One of the advantages of becoming a Christian is that you now have a purpose in life. Jesus called for a complete reorientation of life’s values, objectives, and purpose.
Everyone needs to put bread on the table, but Jesus demands that His followers “not seek what you should eat or what you should drink, nor have an anxious mind” (Luke 12:29). He then states, “For all these things the nations of the world seek after” (12:30).
Jesus expects us to live with a different motivation and purpose. Neither survival nor comfort is to be our driving impulse.
Luke introduces this command with “instead” to emphasize the opposite focus from the previous verse for the believer. Jesus said, “The Father knows that you need these things” (12:30).
To begin with, can we trust Him? Can we rest securely in the awareness that He knows our needs?

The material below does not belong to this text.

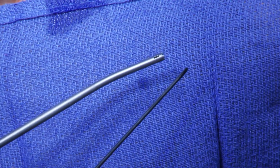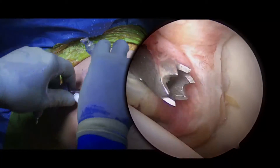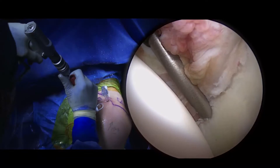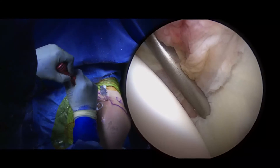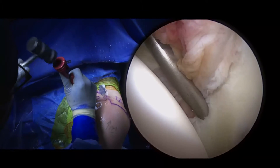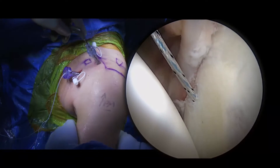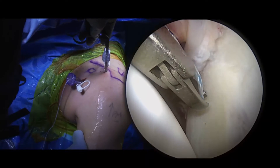A curved drill guide with a flexible drilling pin is used to place an all-suture soft anchor. The cannulated drill guide is placed through the anterior inferior portal at the 5:30 position, 1-2 millimeters medial to the glenoid rim. The all-suture anchor is placed through the cannula into the bone tunnel initially by hand and then fully seated with a mallet. The working repair suture is then shuttled out of the anterior superior portal.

If we trust in Him, we are free to focus on His temporal and eternal purposes. He commands us to “be continually or habitually pursuing His kingdom.” The kingdom needs never end.
This was an introduction to the Great Commission: “Go and make disciples of all nations” (Matt 28:19). Christ’s kingdom is extended by multiplying individual converts and leading them to surrender to the lordship of Christ on this earth.
How obedient are you today in this task? What is more important: your job, home, or business venture? What if His commitment to meet your needs were proportional to your commitment to Him?
God does not promise riches, but He does promise to meet the needs of His servants who are reaching and building disciples in His kingdom.
He must be King of your life as well as your Savior. His will must control your finances, work ethic, ambitions, relationships, thoughts, and daily plans. As Creator, He promises to take care of you if you are useful to His kingdom now.
“Dear Lord, as I execute my daily tasks, guide me to set my sights on Your eternal purposes. Help me contribute to and prepare for Your coming kingdom so that others may know You and learn to glorify You as well.”